(Collection entries)
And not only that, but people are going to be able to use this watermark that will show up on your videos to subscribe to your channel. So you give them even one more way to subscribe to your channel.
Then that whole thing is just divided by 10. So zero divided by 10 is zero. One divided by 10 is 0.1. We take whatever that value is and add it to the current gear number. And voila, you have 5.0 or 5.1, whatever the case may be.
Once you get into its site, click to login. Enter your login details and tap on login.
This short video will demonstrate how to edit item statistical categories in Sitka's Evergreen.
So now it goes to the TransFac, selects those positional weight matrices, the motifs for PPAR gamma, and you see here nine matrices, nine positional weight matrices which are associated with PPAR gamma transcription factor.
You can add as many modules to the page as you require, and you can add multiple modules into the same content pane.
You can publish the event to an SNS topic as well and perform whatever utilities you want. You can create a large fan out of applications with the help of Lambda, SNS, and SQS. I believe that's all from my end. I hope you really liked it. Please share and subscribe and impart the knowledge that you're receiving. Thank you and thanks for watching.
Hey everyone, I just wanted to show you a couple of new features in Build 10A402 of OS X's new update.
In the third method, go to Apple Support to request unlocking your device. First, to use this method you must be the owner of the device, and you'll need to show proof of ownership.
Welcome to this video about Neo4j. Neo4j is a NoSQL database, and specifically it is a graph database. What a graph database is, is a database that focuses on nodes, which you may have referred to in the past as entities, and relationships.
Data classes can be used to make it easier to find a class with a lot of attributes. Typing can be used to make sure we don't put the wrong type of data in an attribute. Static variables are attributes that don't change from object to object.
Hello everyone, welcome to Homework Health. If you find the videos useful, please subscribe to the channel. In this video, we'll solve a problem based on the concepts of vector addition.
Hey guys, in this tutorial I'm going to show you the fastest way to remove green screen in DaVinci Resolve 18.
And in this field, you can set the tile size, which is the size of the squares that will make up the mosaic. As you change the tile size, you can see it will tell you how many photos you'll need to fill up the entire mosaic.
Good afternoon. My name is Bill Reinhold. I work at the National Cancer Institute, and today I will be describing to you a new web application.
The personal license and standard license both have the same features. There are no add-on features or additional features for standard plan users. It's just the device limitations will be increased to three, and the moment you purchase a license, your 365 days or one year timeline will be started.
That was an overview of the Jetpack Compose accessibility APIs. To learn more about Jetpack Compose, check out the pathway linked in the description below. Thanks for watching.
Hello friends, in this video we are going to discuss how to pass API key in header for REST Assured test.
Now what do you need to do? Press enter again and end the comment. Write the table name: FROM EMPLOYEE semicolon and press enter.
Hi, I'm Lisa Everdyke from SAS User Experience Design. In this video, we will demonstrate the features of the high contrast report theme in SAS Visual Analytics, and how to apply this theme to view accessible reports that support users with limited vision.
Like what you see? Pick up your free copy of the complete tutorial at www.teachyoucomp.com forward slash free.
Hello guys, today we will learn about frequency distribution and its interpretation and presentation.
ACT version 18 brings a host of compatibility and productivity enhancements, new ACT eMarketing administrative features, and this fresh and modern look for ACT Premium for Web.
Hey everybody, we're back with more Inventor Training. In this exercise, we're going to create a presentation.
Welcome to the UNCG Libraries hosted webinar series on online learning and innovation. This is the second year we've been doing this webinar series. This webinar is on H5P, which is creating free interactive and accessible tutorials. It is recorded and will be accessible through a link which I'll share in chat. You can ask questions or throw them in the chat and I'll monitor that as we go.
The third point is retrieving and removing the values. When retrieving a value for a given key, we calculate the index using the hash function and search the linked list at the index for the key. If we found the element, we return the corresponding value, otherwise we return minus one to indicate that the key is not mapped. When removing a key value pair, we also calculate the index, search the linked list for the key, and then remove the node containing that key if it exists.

Work required: After locating the line that contains "Once you get", please copy exactly every line from the start of the records through it, and nothing else.

Answer to this task:
And not only that, but people are going to be able to use this watermark that will show up on your videos to subscribe to your channel. So you give them even one more way to subscribe to your channel.
Then that whole thing is just divided by 10. So zero divided by 10 is zero. One divided by 10 is 0.1. We take whatever that value is and add it to the current gear number. And voila, you have 5.0 or 5.1, whatever the case may be.
Once you get into its site, click to login. Enter your login details and tap on login.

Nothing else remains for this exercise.